Os bons e os maus
portugueses
in Macau Hoje, 15/6/00
Senhor
Director,
Tenho seguido atentamente pelo seu jornal as reacções de indignação de
portugueses de Macau pela forma discriminatória como o Senhor Cônsul
Geral, Dr. Carlos Frota, tratou a comunidade portuguesa por ocasião das
celebrações do Dia de Portugal.
Como português que em Macau reside e trabalha há anos, não posso deixar
de manifestar também a minha revolta. Esta não resulta tanto do facto de
não ter sido convidado - e entendo que o devia ter sido - mas do
preocupante significado de que a atitude do senhor Cônsul Geral é
portadora.
O último governador de Macau catalogava os portugueses em bons e maus e
agia em conformidade com essa classificação. Bons eram, como se sabe, os
que dependiam das suas prebendas e lhe lambiam as botas; maus eram os
outros, os que, sem lugar à mesa do orçamento, viviam do seu trabalho e
recusavam ser actores da farsa que o general protagonizava.

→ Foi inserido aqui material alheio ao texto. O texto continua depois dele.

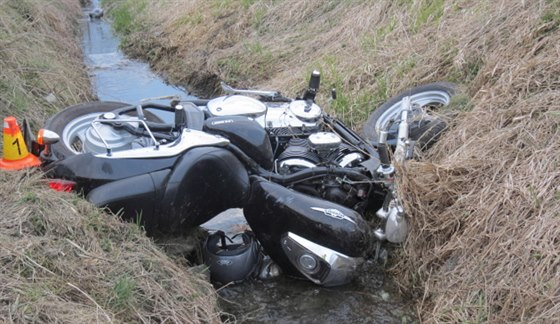 Zatímco motorka doklouzala do píkopu a do pole, její ofér u takové tstí neml. Zstal zaklínn pod koly osobního auta a na míst zemel. Ilustraní snímek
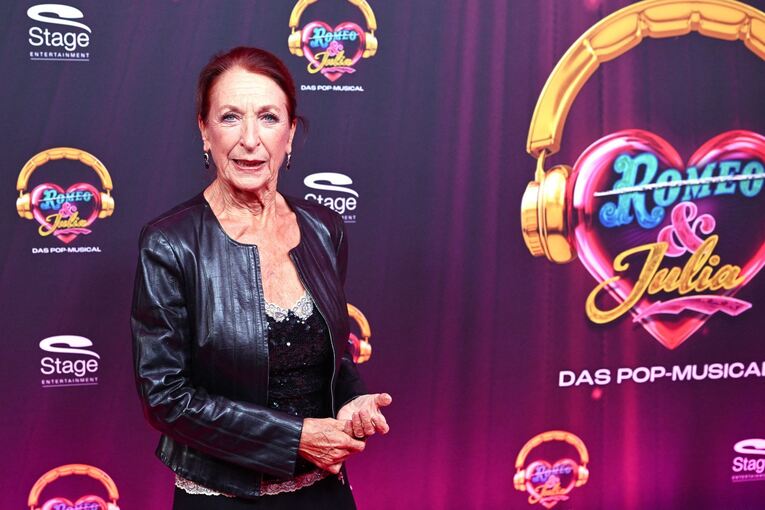 Premiere Pop-Musical "& Julia"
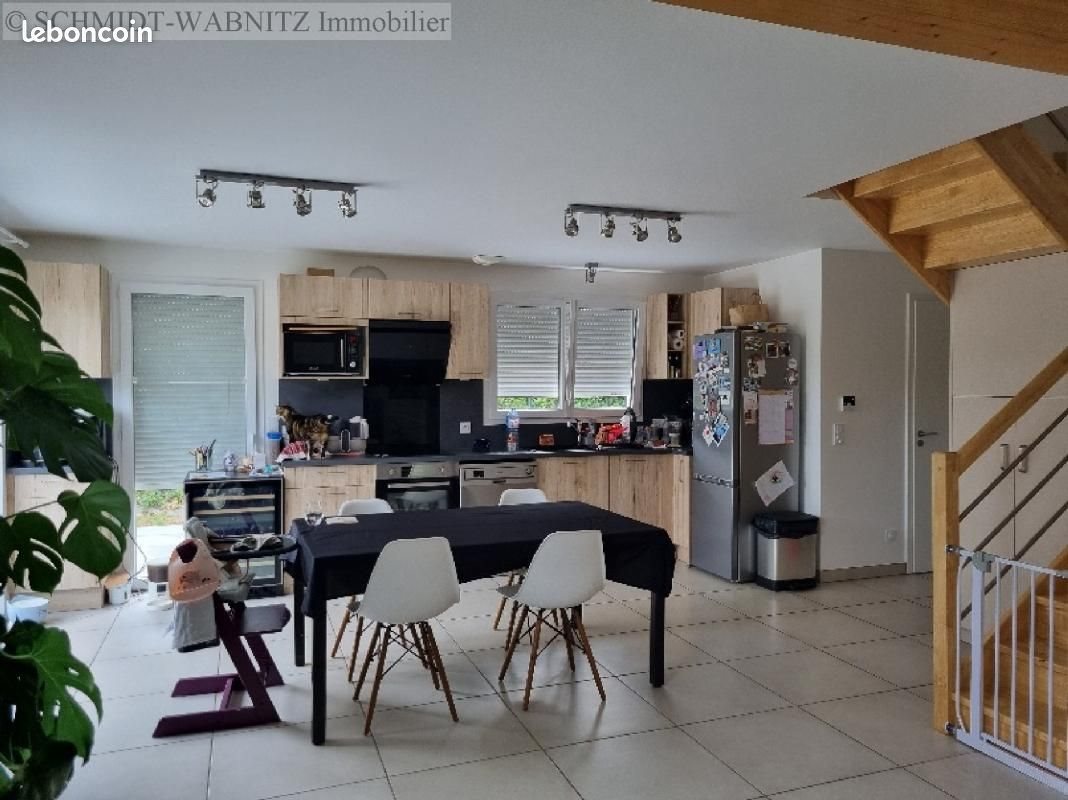Maison à louer, 101m², Loisin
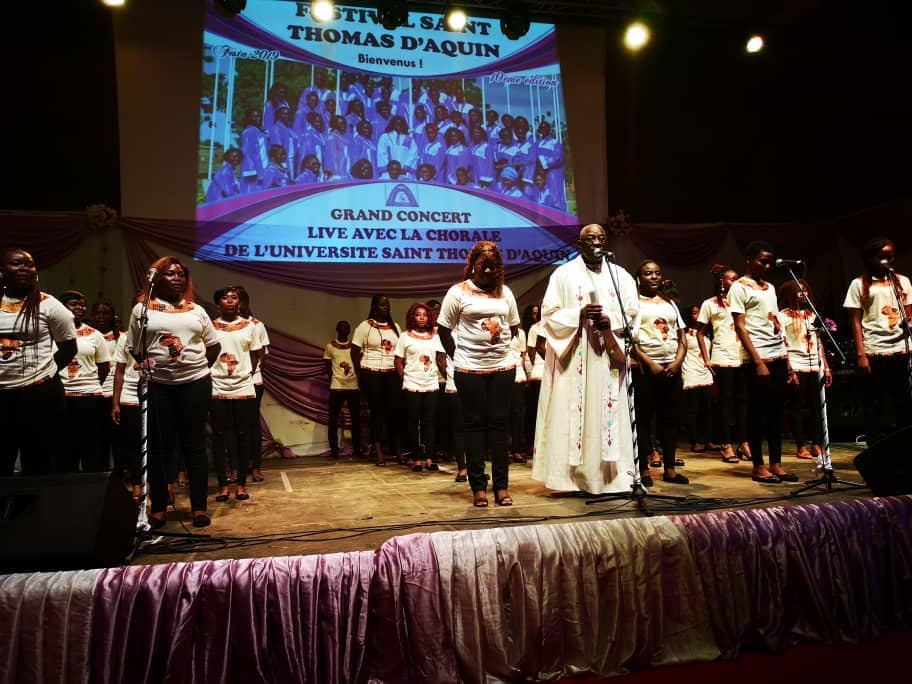  GRAND CONCERT LIVE DE l’USTA 2019: “Chanter c’est prier deux fois”, selon le Ministre d’infrastructure Eric Bougouma.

Os bons, quase
sem excepção, deixaram Macau com ele e como ele, pela calada da noite de
20 de Dezembro; os maus, na sua grande maioria, porque foi sempre do seu
trabalho que viveram, continuaram em Macau. Entre estes, com orgulho, me
incluo.
Dos bons, alguns ainda por cá ficaram, outros estão de regresso,
frustrada que foi a hipótese de mais uma sinecura nesse projecto
desinteressado de cooperação que o general iria protagonizar e que, tudo
o indica, já fracassou.
Mas será que o senhor Cônsul Geral, Dr. Carlos Frota, enquanto
representante de um Estado democrático, regido por uma Constituição que
repudia quaisquer formas de discriminação, pode comportar-se como se
general fosse, decidindo quem, de entre a comunidade portuguesa, tem e não
tem dignidade para pisar os jardins da sua mansão? Será que a mansão é
propriedade dele, que é ele que paga a sua manutenção, os croquetes e
as garrafas de vinho com que recebe os seus convidados? E será que,
discriminando assim os portugueses de Macau, terá ele alguma legitimidade
para falar ao seu governo da comunidade portuguesa, dos seus problemas e
anseios?
Neste curto espaço de seis meses, o
senhor Dr. Carlos Frota já demonstrou não ser digno da comunidade
portuguesa de Macau. Que, é bom lembrá-lo, não é a mesma de há seis
meses. Por isso, é bom que se vá embora quanto antes.